Workflow Imagine a game or application (in my case a game) that has binary data representing for example item data but you only know partially what it contains and potentially it's size. For example let's say: ItemData struct with size 300 and we know that at 0x0 is the id and at 0x20 is the name in ASCII with the length of 0x16 Now we want to parse them and created a reader for it and writer. Problem is now unfortunately that the name is longer but we added a lot of other fields and some went away etc. thanks to new findings. We now have to rearrange and adjust a lot of stuff just to make this work. Making the following sample workflow very difficult:
* Reverse Engineer Application * Find method that accesses a field of that struct at 0x40 and we know it's a 32 bit integer * Add it to your own application (be it analysing these files or w/e)
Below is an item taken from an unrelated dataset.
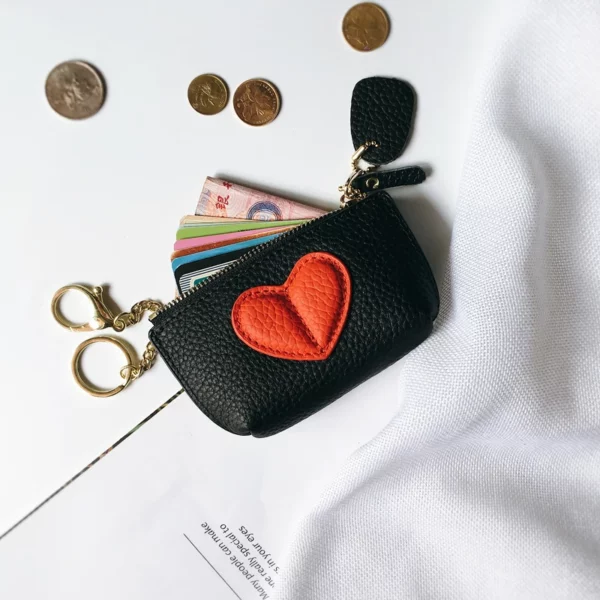 Genuine Leather Heart-Shaped Coin Purse & Key Holder - Image 4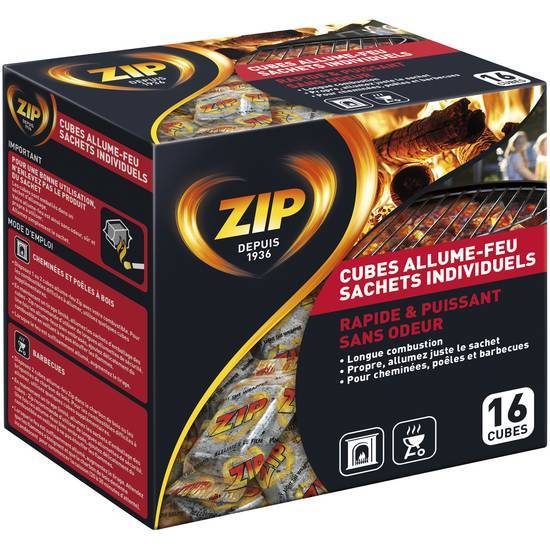 Zip allume-feux kérosène cubes individuels en sachets energy haute performance - gris, boîte de 16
The Idea So my idea is currently using a source generator to solve this by generating somewhat flexible reading and writing methods just from provided metadata for example: (Note this is not yet implemented as I'm still trying to figure out if that is a sane and viable approach)
https://paste.mod.gg/wnucpivxjycq/0 This should in theory make it fairly simple to add and remove arbitrarily without having to refactor and rewrite a lot of code that may very well be fragile to simple typos or logic errors etc.
Some of the information I am considering keeping track of as they are more or less of importance for me can be seen in the source generator intermediates: https://paste.mod.gg/wnucpivxjycq/1
A potentially concrete generated solution can be found here: https://paste.mod.gg/wnucpivxjycq/2 But there are various questions in my head in regards to if the way this is can be considered fine.
In general other questions such as are there things I'm missing or vastly incorrectly used (especially Pipes/Pipelines).
Also I have already received an alternative idea on how this can be solved instead of Read/Write methods (which I prefer), that would be by creating public properties that are backed by the read data, but that seems fairly complex to properly solve and I personally didn't feel comfortable with trying to solve it this way.
Questions: * Pipeline usage fine or incorrect or poor etc. * Are there ideas for improvements * Is certain stuff obsolete? * Have there been alternative or existing solutions? (Flatbuffers etc. don't seem to solve this, at least not in a usable manner) * Any feedback generally speaking
p.s.: I feel like I have maybe lost the plot at some point but I'm not sure when and when not as of right now.